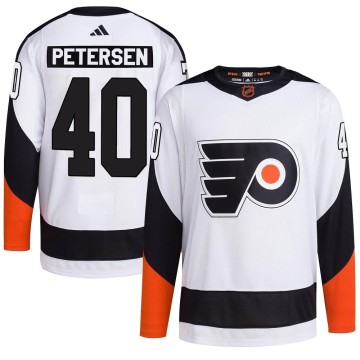 Authentic Adidas Men's Cal Petersen Philadelphia Flyers Reverse Retro 2.0 Jersey - White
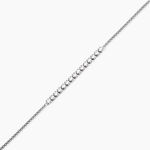 Bracelet Sidney Argent Blanc Oxyde De Zirconium Et Olivine - Bracelets fantaisie Femme | Marc Orian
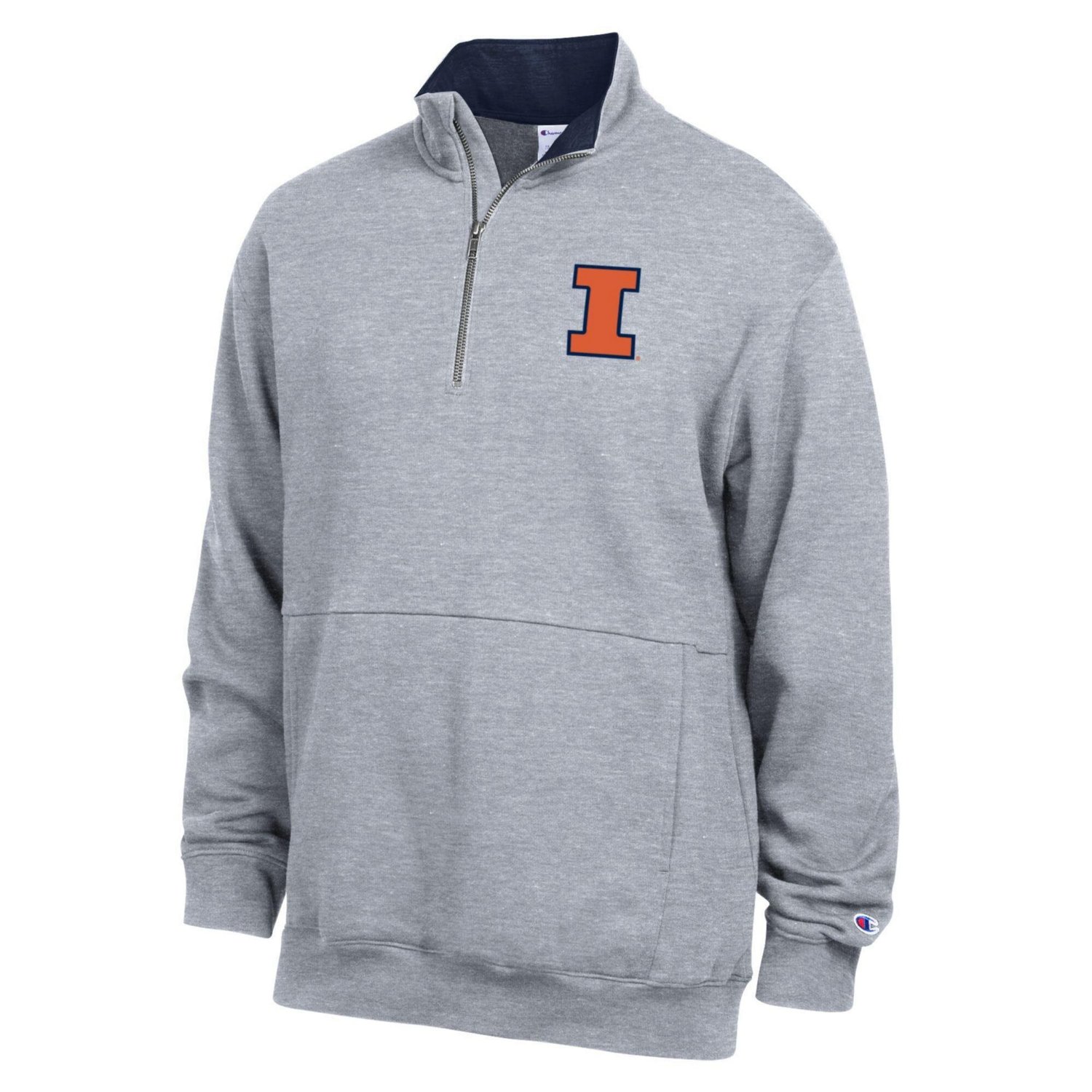 Champion Illinois Fighting Illini Fleece Quarter-Zip Pullover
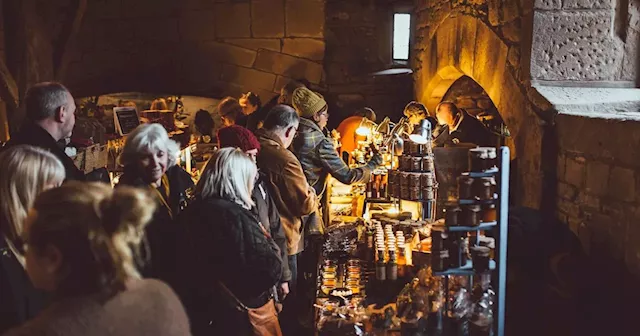 Magical Peak District Christmas market inside a 900-year-old hall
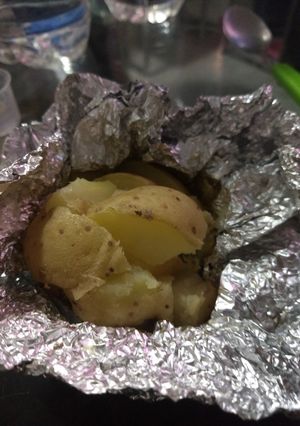 Una foto de Papa al Horno muy fácil!!!!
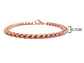 Rose gold curb link bracelet MEASUREMENT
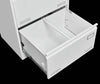 Secure Sleek Filing Cabinet - Stylish 2-Drawer Organizer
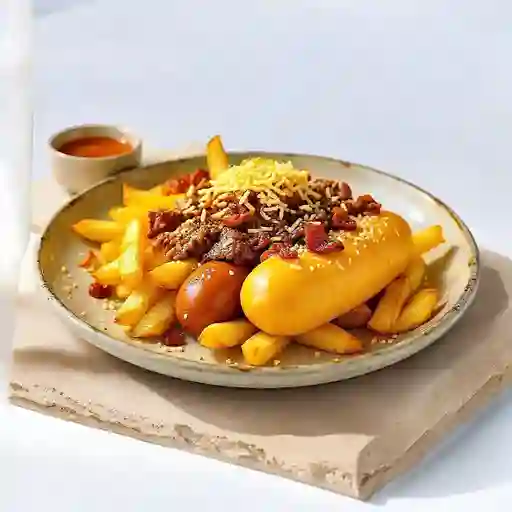 Salchipapa Especial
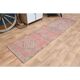 Pink Turkish Vintage Handmade Woven Wool Oushak Runner Rug 78x330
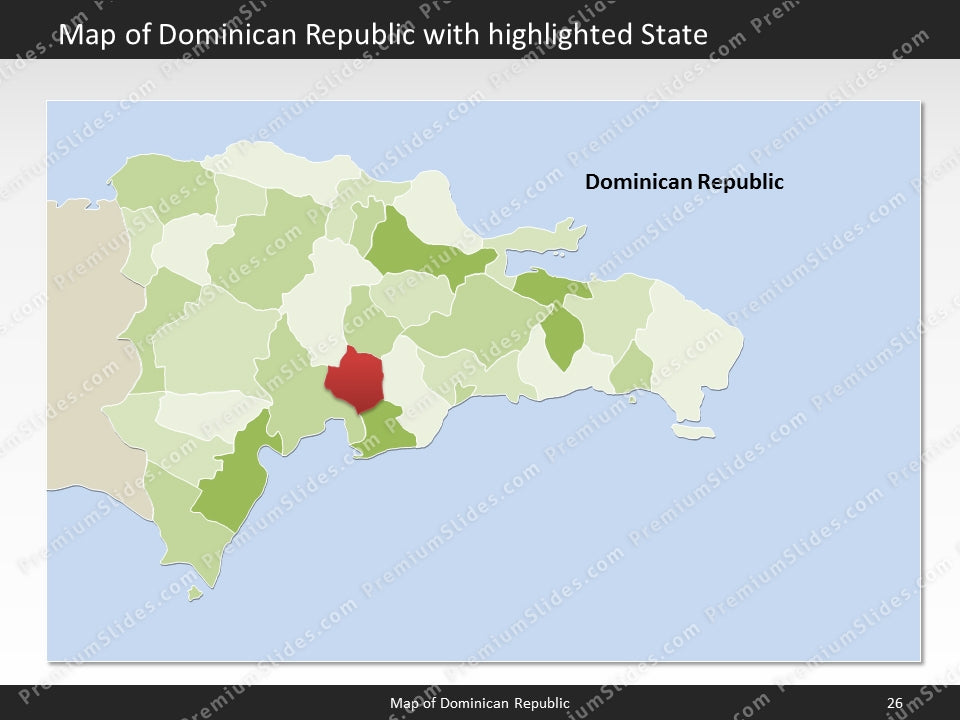 powerpoint map dominican republic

# Your objective
With all pictures excluded, output exactly the lines from the one containing "Bracelet Sidney Argent" through the final line of the entries, inclusive.

# Task result
 Bracelet Sidney Argent Blanc Oxyde De Zirconium Et Olivine - Bracelets fantaisie Femme | Marc Orian
 Champion Illinois Fighting Illini Fleece Quarter-Zip Pullover
 Magical Peak District Christmas market inside a 900-year-old hall
 Una foto de Papa al Horno muy fácil!!!!
 Rose gold curb link bracelet MEASUREMENT
 Secure Sleek Filing Cabinet - Stylish 2-Drawer Organizer
 Salchipapa Especial
 Pink Turkish Vintage Handmade Woven Wool Oushak Runner Rug 78x330
 powerpoint map dominican republic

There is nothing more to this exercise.